UK unemployment rate jumps, wage growth accelerates
Unemployment in the UK rose by more than expected in May even as wage growth picked up further, albeit by less than economists had forecast.
The unemployment rate for the three months to May ticked higher by one tenth of a percentage point to 5.6%, according to the Office for National Statistics.
The figures came close on the heels of what some analysts interpreted as somewhat more hawkish remarks from the Governor of the Bank of England, on the previous day, and a soft patch in GDP growth in the first quarter.
The data might also be a reflection of supply constraints hitting employment growth, as some recent survey results had been pointing to, Dominic Bryant at BNP Paribas said in a research note e-mailed to clients.
At 30.98m, there were 67,000 fewer people in employment in the latest reference period. In parallel, the number of unemployed increased by 15,000 to hit 1.85m.
The consensus estimate had been for the unemployment rate to remain at 5.5%, the same as in April.
The number of long-term unemployed – defined as those who have been out of a job for between 12 and 24 months - rose by 5,000 to reach 169,000 in the three months to May.
Growth in average weekly earnings jumped to a 3.2% pace after a reading of 2.7% in the month before (consensus: 3.3%) - its fastest since 2010.
Excluding bonuses wages rose by 2.8% year-on-year, slightly below the 2.8% anticipated by economists.
Wage growth not yet quite what the MPC wants
The number of vacancies slipped by 5,000 to reach 726,000 in the three months to June and remained above pre-crisis levels, BNP Paribas pointed out.

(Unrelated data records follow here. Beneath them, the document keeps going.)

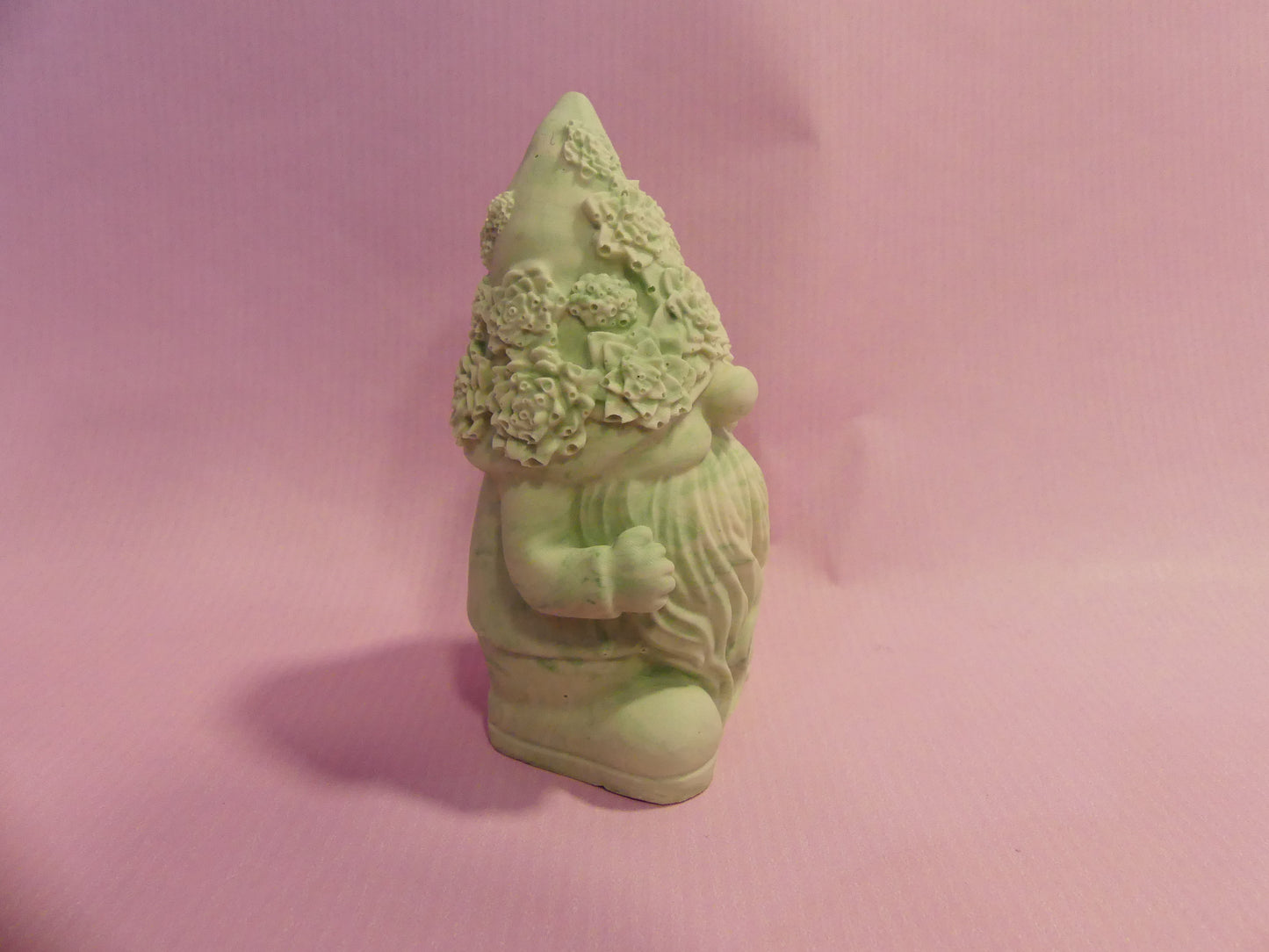 Gnome avec chapeau fleuri marbré vert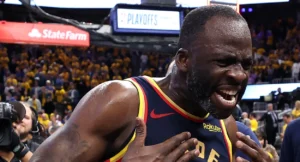 Draymond Green LeBron James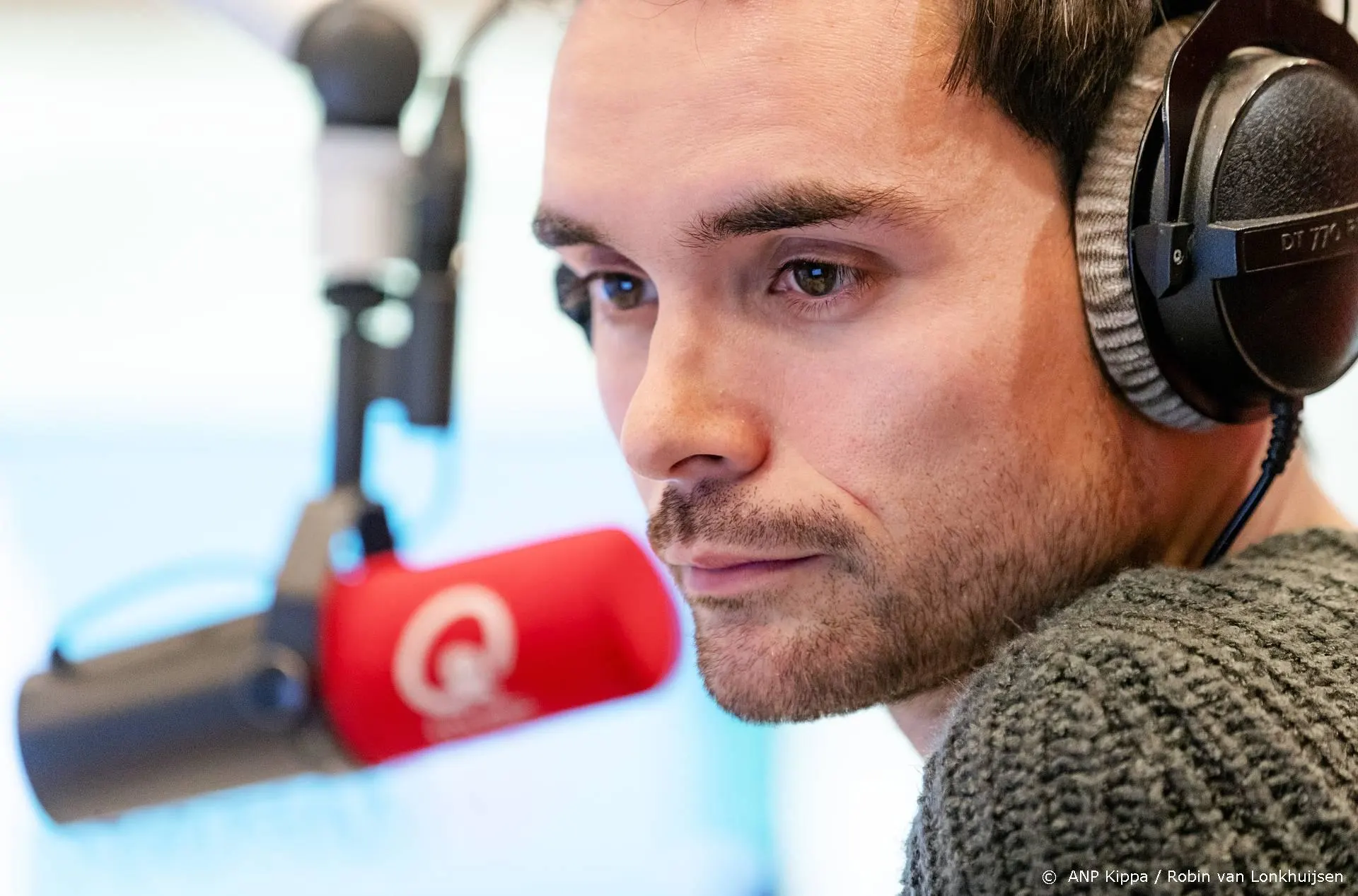 Domien Verschuuren is de nieuwe stem van Expeditie Robinson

"The Bank will be watching wage developments closely. Governor Carney noted yesterday that they had been a little stronger than expected of late, but the Bank’s forecast is for further strengthening during the course of the year.
“Most on the MPC are likely to want to see a further sustained pick up in wage growth before opting to tighten policy (the two hawks are likely to vote for a hike in August)," Bryant added.
"There is no need for the MPC to panic about wage growth yet, especially given that the softer labour market activity could act as a brake on wages," Vicky Redwood, chief UK economist at Capital Economics told clients.
As of 09:58 the yield on the 10-year benchmark Gilt was edging higher by one basis point to 2.12%.
In an immediate reaction cable hit an intra-day low of 1.5603 only to afterwards recover back to the 1.5638 mark.